Snatching the price:performance crown from Nvidia?

Compare that to the battleship engineering that Nvidia employed in its 'GT200' chip, which is used in GeForce GTX 260 and 280. This is a monster of a chip that has 1.4bn transistors on a core that has an area of 576 square millimetres - more than twice the size of RV770. It runs at colossal clock speeds with a core speed around the 600MHz mark, unified shaders at 1300MHz and GDDR 3 memory with an effective speed that's faster than 2.2GHz.

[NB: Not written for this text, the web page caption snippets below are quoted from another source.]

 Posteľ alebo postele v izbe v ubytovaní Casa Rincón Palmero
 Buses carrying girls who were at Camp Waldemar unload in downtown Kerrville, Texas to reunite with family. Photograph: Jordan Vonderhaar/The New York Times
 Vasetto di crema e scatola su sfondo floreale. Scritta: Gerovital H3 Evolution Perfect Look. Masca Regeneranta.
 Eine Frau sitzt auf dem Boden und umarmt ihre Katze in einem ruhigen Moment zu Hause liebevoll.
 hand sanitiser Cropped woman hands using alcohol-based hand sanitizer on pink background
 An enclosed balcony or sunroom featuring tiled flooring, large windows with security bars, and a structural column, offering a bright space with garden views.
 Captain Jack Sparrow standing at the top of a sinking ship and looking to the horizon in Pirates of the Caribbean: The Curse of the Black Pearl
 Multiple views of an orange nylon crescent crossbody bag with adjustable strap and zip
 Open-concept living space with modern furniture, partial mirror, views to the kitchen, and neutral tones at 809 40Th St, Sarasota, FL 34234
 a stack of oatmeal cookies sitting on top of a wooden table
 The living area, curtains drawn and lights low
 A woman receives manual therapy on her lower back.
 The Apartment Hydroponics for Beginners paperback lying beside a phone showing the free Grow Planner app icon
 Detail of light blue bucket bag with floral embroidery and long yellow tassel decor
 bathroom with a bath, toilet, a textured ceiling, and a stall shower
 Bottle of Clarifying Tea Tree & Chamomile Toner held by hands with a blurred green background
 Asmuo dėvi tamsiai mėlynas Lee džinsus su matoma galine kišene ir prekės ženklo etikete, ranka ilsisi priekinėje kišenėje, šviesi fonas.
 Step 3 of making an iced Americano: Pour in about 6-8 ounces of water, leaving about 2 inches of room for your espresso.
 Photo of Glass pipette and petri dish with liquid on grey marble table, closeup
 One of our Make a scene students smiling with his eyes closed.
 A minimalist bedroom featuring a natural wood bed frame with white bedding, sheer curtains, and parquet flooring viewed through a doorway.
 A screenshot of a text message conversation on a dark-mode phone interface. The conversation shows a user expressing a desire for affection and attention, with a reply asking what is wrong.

The result is huge performance and a huge power requirement as the GTX 260 draws 182W while the GTX 280 tips the scale at 236W. You’ll need two six-pin PCI Express (PCIe) power connectors for the GTX 260 and one six-pin and one eight-pin for the GTX 280.

AMD RV770

Radeon HD 4870: more modest power requirements than its rivals

By contrast, the new AMD chips are far more modest. The HD 4870 gets by on a mere 160W and the HD 4850 only needs 110W, so you need a single six-pin connector for HD 4850 and two of them for HD 4870. That puts far less strain on your power supply and the cooling inside the case of your PC.

The core clock speeds used by AMD are even more extreme than those used by Nvidia so the core of HD 4850 hums along at 625MHz while the HD 4870 buzzes away at 750MHz. The reason for the large differential is that the HD 4850 and HD 4870 cores are identical in all respects other than their speed while Nvidia starts with an über chip such as the GTX 280 and then disables sections to create lesser chips such as GTX 260.

The other difference between HD 4850 and 4870 is the speed of the memory. HD 4850 supports up to 512MB of GDDR 3 that operates through a 256-bit controller at a true speed of 1000MHz to give an effective speed of 2000MHz and a memory bandwidth of 64GB/s. Its big brother supports 512MB of spangly new GDDR 5 which runs at a true speed of 900MHz. However, GDDR 5 has twice the bandwidth of GDDR 3 so the figure is 115.2GB/s and not 57.6GB/s as you might expect from the clock speed.

The result of these architectural choices is that HD 4870 board measures 242mm in length and uses a hefty double-slot cooler that punts the weight to 1.25kg, while the HD 4850 is the same length but uses a single-slot cooler that brings the weight down to 420g. For comparison, both the GTX 260 and GTX 280 weigh 915g and measure 267mm in length.